I think a lot of people of my generation, who have grown up with religion in their life, have also given themselves the freedom to dissociate themselves from the parts of it that they don’t want to associate themselves with. And I don’t think that’s by choice – I think the current climate has provoked that response. And I think that also goes for sexuality politics as well. People have had to take a stance and say “even if I go to church on a Sunday, and even if I say a prayer when I need some help, it doesn’t mean I agree with everything you’re saying”. And I think that that is really important. That’s going to be the guiding force behind the next phase, the next few generations – at least of the Roman Catholic Church.

Talking of sexuality, at the beginning of your career you were quite coy –

No, no, not coy – human. There’s a big difference. “Coy” is calculated. The one thing that everyone has to understand when it comes to sexuality is that there is no consultation process, there is no formula, there is no recipe. Just because someone is asking you the question under the spotlight at the age of 22 doesn’t mean that there is an answer. When you’re personally more comfortable with your situation, and you’ve aligned your cards and dealt with it responsibly, then from that standpoint you can go and be more public. But you should never do it the other way around because it can be very destructive.

It’s not an easy thing to process for any person in the world, and it has consequences for dozens of people in each person’s life – and therefore it has to be addressed. Sometimes you do it with tenderness, you do it with time, and other times you have to do it quite brutally. But whatever it is you need to do, it will have consequences. So I just needed time to live and to make sure that when I did talk more openly about sexuality, it was from a place where I honestly felt like all my ducks were in order and I had nothing to hide or make me nervous.

Outfit: Valentino

So are you glad you came out?

Yeah, but I never didn’t. That’s why it was this really funny, tender joke among my fans who had read every one of my lyrics and it was just so obvious. But to the people who care politically, I don’t know. From a political point of view, from a media point of view, the one thing that makes me happy about having more clarity and being more vocal when it comes to sexuality is that firstly it’s really interesting and it’s really inspiring.
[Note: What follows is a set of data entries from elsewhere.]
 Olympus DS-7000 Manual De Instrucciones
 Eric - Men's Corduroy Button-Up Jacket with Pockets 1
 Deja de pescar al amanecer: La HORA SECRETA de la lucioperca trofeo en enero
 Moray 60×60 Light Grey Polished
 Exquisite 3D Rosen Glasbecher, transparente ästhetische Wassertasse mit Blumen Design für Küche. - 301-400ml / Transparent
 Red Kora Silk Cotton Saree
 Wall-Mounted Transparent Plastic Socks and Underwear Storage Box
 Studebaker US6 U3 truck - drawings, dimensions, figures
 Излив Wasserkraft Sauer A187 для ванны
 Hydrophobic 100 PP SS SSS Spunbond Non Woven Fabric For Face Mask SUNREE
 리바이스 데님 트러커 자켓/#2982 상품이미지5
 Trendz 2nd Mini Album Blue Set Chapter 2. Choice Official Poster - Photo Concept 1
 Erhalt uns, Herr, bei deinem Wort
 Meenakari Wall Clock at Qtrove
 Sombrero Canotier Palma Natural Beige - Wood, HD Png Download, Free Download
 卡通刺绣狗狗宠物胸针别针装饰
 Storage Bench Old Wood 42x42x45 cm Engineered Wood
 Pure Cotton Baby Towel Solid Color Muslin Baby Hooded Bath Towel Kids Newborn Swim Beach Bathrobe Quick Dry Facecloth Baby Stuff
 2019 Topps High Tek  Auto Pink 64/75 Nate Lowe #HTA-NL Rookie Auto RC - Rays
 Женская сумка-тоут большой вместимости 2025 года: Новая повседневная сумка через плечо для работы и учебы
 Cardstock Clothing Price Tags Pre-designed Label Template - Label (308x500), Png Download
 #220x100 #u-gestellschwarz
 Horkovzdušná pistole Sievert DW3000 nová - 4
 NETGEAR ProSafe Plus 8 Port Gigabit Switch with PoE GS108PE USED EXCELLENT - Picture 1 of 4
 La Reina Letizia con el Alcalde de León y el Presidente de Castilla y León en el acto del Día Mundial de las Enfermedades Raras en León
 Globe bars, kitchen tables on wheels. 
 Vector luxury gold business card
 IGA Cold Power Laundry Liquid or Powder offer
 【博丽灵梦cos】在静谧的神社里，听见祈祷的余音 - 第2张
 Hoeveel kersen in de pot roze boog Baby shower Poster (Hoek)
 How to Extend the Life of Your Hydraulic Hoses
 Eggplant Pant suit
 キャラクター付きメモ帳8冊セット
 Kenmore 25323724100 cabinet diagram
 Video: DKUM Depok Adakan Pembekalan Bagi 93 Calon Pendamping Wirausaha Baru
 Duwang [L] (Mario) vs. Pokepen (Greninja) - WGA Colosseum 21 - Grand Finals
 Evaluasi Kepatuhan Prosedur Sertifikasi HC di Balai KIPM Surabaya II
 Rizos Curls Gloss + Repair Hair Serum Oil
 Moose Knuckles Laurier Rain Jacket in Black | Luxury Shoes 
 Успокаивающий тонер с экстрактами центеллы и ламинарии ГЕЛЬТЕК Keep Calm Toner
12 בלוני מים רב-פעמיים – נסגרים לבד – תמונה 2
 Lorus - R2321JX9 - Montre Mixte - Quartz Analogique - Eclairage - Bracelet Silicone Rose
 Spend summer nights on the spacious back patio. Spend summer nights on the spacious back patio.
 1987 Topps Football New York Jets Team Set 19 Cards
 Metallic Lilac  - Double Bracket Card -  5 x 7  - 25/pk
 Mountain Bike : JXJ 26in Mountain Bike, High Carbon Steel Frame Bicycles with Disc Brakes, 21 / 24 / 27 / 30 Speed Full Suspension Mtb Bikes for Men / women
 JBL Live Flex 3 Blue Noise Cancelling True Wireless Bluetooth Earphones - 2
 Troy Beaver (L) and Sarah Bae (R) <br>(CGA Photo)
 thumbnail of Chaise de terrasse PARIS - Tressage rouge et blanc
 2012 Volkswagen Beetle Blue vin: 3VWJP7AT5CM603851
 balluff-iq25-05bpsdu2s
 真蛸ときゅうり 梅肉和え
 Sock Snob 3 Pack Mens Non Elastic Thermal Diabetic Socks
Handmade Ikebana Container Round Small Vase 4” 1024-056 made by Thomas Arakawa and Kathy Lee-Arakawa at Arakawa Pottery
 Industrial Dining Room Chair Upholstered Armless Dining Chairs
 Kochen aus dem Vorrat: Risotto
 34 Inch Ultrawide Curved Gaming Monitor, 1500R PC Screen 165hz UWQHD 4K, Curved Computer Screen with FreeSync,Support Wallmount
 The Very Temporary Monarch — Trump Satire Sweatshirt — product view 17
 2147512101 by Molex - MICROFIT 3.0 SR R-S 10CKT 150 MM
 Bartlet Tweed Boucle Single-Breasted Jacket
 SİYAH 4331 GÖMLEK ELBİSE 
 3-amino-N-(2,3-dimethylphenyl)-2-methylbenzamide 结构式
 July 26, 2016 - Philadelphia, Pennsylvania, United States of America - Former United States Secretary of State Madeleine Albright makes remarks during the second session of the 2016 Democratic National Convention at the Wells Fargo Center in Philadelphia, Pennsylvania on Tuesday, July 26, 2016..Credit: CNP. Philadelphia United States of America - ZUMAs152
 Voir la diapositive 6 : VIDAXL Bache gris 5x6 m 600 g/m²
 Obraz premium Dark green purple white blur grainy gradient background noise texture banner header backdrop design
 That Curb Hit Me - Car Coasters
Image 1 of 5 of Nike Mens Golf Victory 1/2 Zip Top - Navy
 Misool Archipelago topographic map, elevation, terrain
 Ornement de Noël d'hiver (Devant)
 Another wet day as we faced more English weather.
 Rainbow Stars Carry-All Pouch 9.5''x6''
And I think that if you are a 13-year-old kid in the south of Italy or something, and someone’s sitting on television telling you it’s OK, that’s actually quite powerful. It shows that there’s a way through – not a way out, but a way through. And that’s really important. Anyone who gets too blasé about sexual politics is taking it for granted, because this conversation in itself is actually a privilege in certain places around the world.

Since this year’s Oscar nominees were announced, the film industry has come under enormous pressure for being racist, sexist and homophobic. Is the music industry more accepting?

It depends on what kind of musician you want to be. When you want to be commercial, inherently you impose on yourself certain limitations. And different degrees of commerciality will impose more pressures because, by default, you have to appeal to more people and therefore you have to make yourself more and more bland. It’s the same thing with marketed coffee and it’s the same thing with actors – it’s just the same thing.

At the same time, I think it’s not necessarily just the movie studios’ fault – I think it’s also the media’s fault. If you think about it, if movie studios were never hiring gay people, then some of the greatest actors of all time would never have ever made movies. The movie studios chose Cary Grant. But would the media allow a Cary Grant to exist today? That’s the question.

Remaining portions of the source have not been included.